In The Privileged Poor -- a recent study of 103 undergraduates at an elite, highly selective institution -- Harvard sociologist Anthony Jack (2019) relates an interview with a college senior who had previously attended a competitive boarding school:
I know what I ought to do. My friend struggles, ‘I don’t know this; I don’t get this; I don’t know what to do.’ I told her what to do: ‘Contact them.’ That was very intuitive to me. Reaching out to your teacher and having one-on-one time was definitely something that was at my boarding school. I didn’t think it was a big deal, but the fact that my friend was like, ‘Are you sure I can just email them?’ Not that she felt the professor wasn’t welcoming, but ‘cause she wasn’t used to that. I arguably have an advantage. I would have been meeting with my professor for a whole semester at this point and she would have been struggling (pp. 115-116).

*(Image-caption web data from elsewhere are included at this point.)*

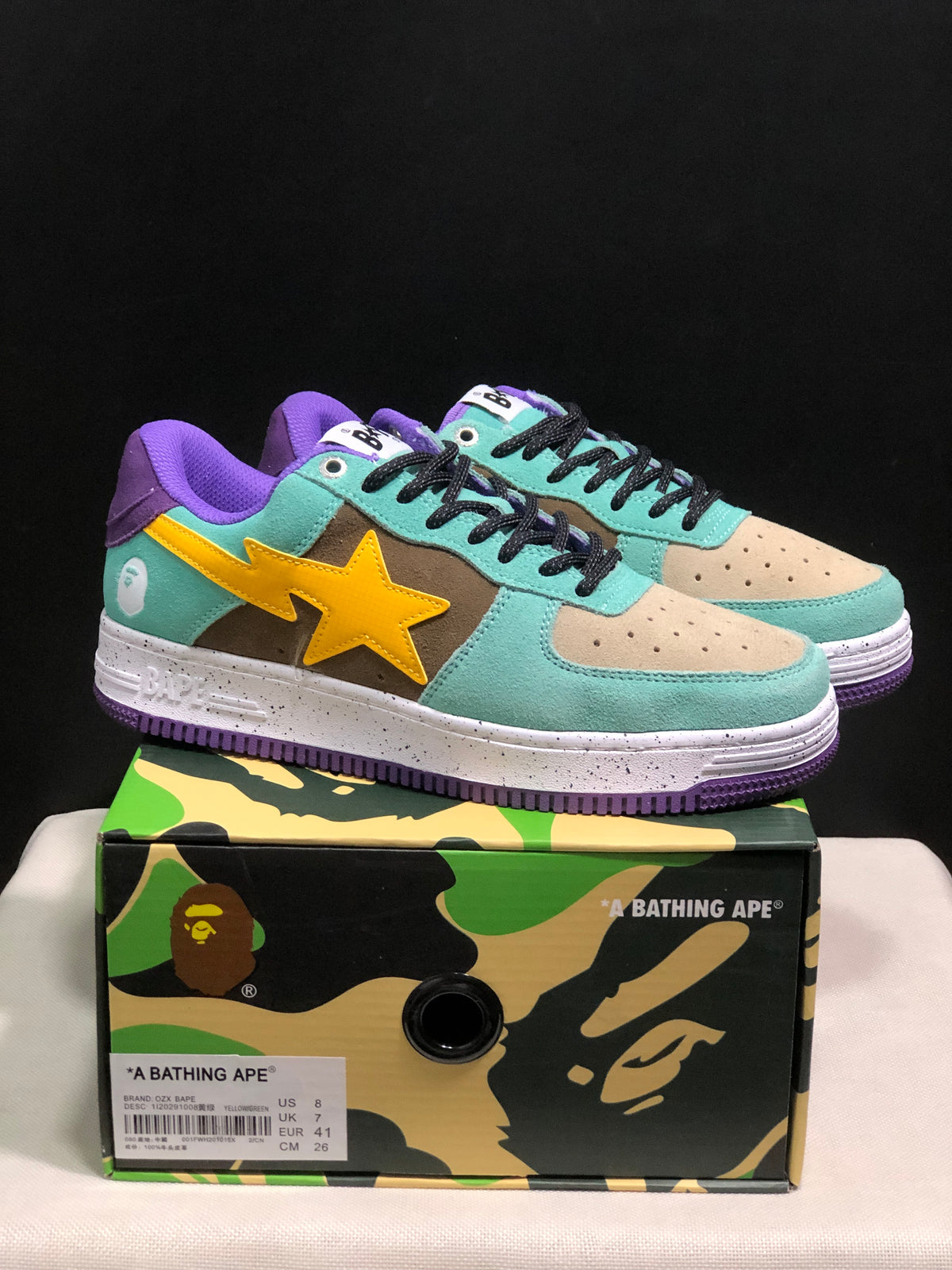 Pair of multicolor Bape Sta low-top sneakers displayed above a branded shoe box; the box label shows EU 41, UK 7, US 8, and CM 26 for the photographed sample.
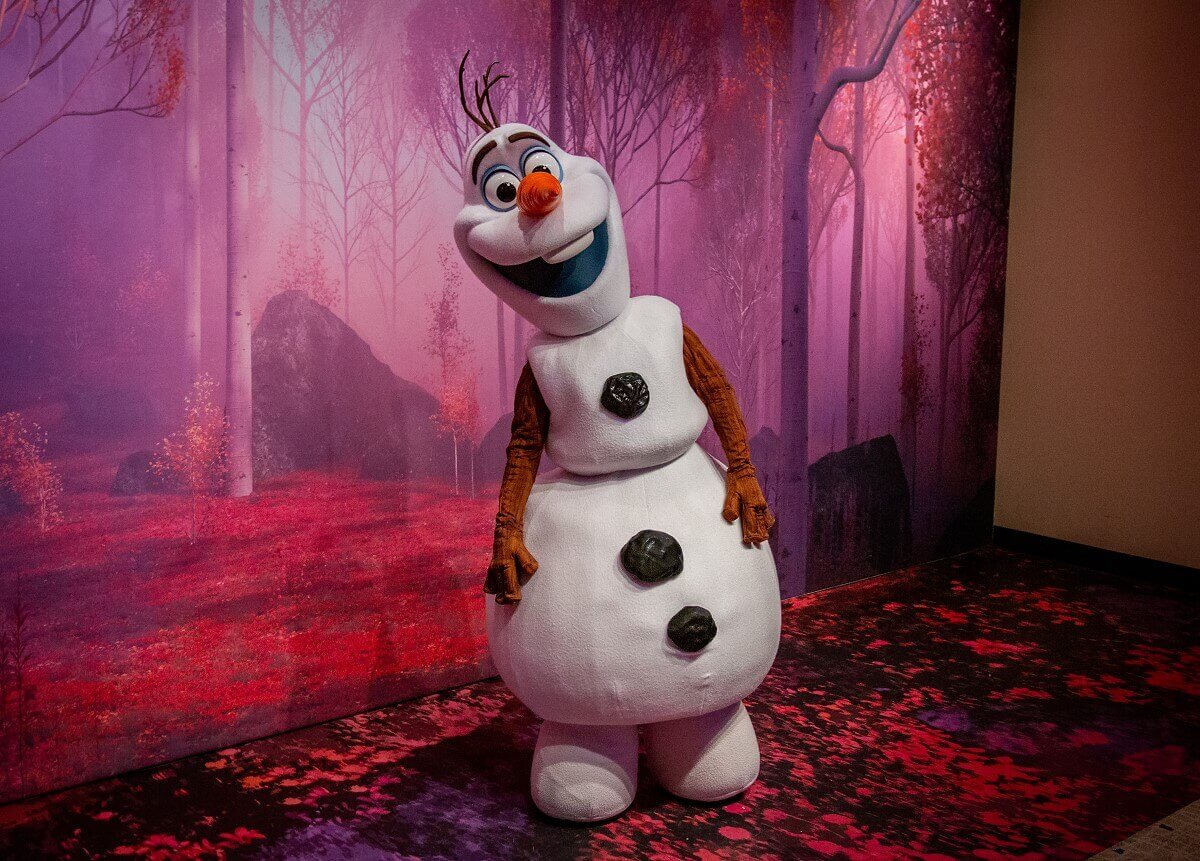 Olaf Meet & Greet Olaf from Frozen at his meeting place - he looks cheerful and has his head slightly tilted
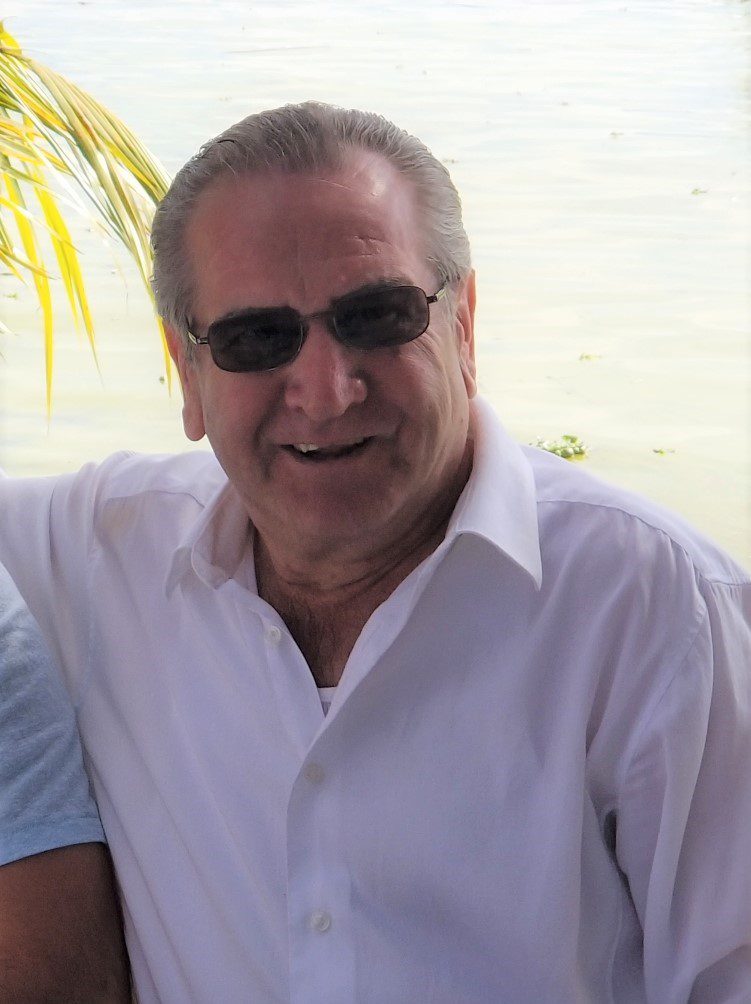 A man in a white shirt and sunglasses is posing for a photo.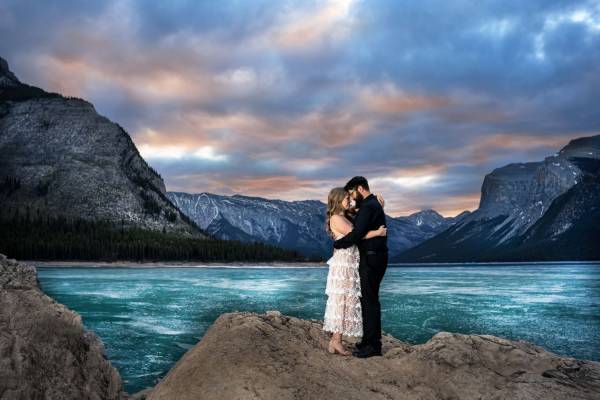 Couple in love in a hug at frozen Minnewanka Lake during stunning and colorful sunrise.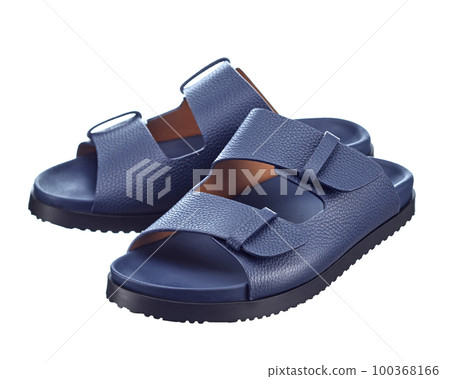 Beautiful pair of blue leather flip-flops with two straps isolated on a white background. Hit of the season. 100368166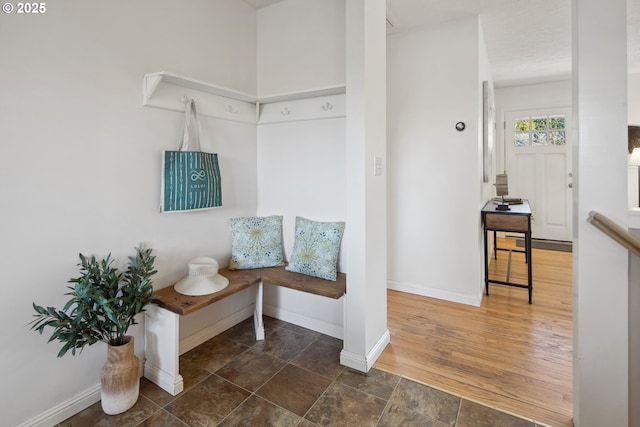 mudroom featuring wood finished floors and baseboards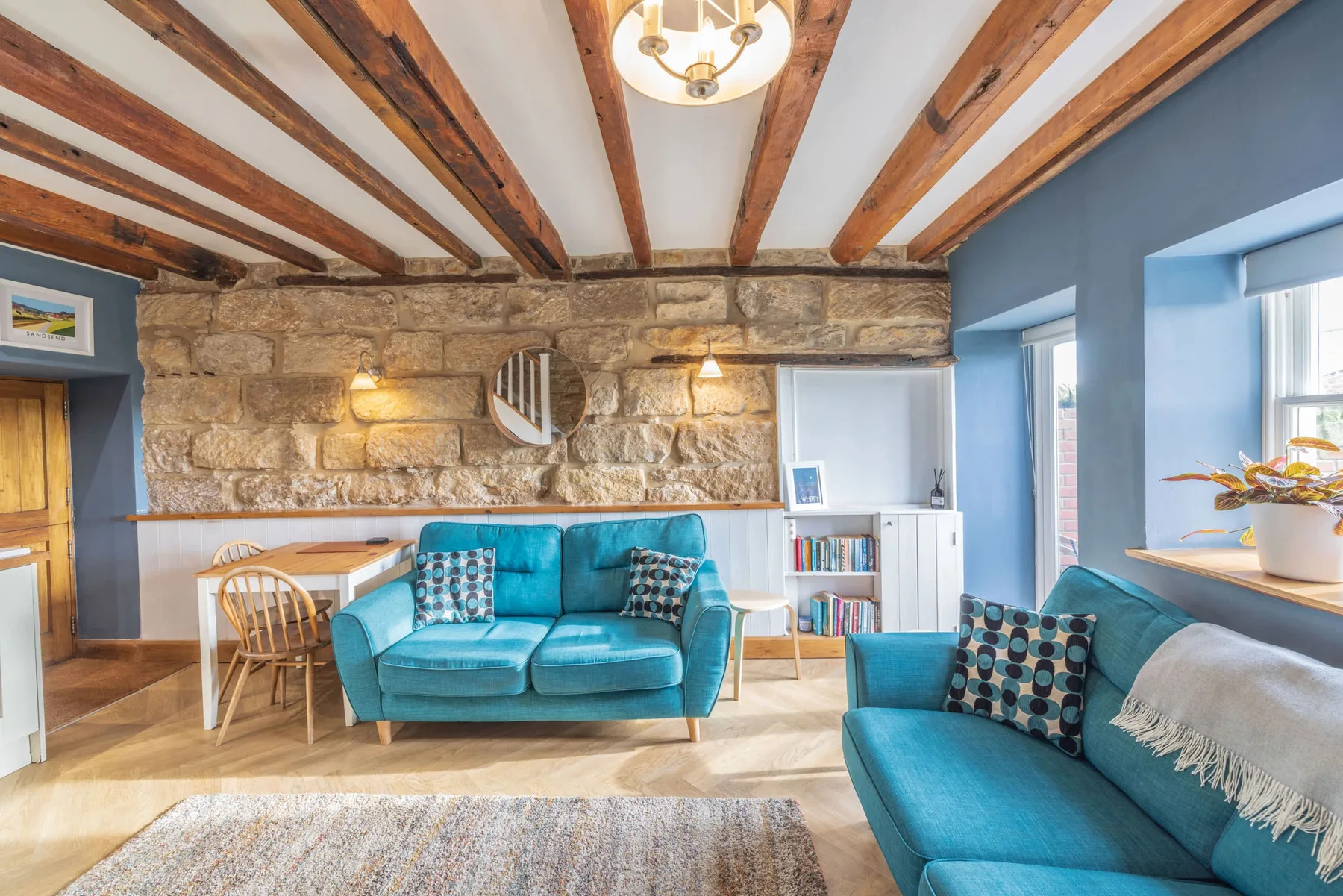 Una sala de estar con asientos turquesa, una pared de piedra y vigas de madera expuestas.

Although some students, due to their time at well-resourced high schools, felt comfortable in their use of office hours, others’ perceptions ranged from confusion to feeling “awkward” (p. 98), like the encounter was “emotionally taxing” (p. 94), and even like they were “sucking up” through attendance (p. 107).
Most likely, these perceptions are not isolated to the site of Jack’s research or even the students who were a focus of his research. Some estimates suggest that only one third of students use office hours at least once per term (Griffin et al., 2014; Smith, et al., 2017). At Brown, we do not have precise information on office hour use, but the Enrolled Student Survey (2017) reports similar percentages for students who “had an intellectual discussion with a faculty member outside of class” (ranging from 27% of first-year students to 37% of seniors).
The implications for students’ lack of use of office hours goes beyond performance in a single course or even letters of recommendation. Sociologists Chambliss and Takacs (2014, p. 155), in their study of liberal learning, note that relationships with faculty “are the necessary precondition, the daily motivator, and the most valuable outcome” of a college education. In general, the frequency of faculty interactions is related to increased well-being and emotional health (Mayhew, et al., 2016). A study at Elon University indicates that alumni who were able to identify 7-10 significant relationships with faculty or staff were also three times more likely to report that their college experience was “very rewarding” compared to those naming no important connections.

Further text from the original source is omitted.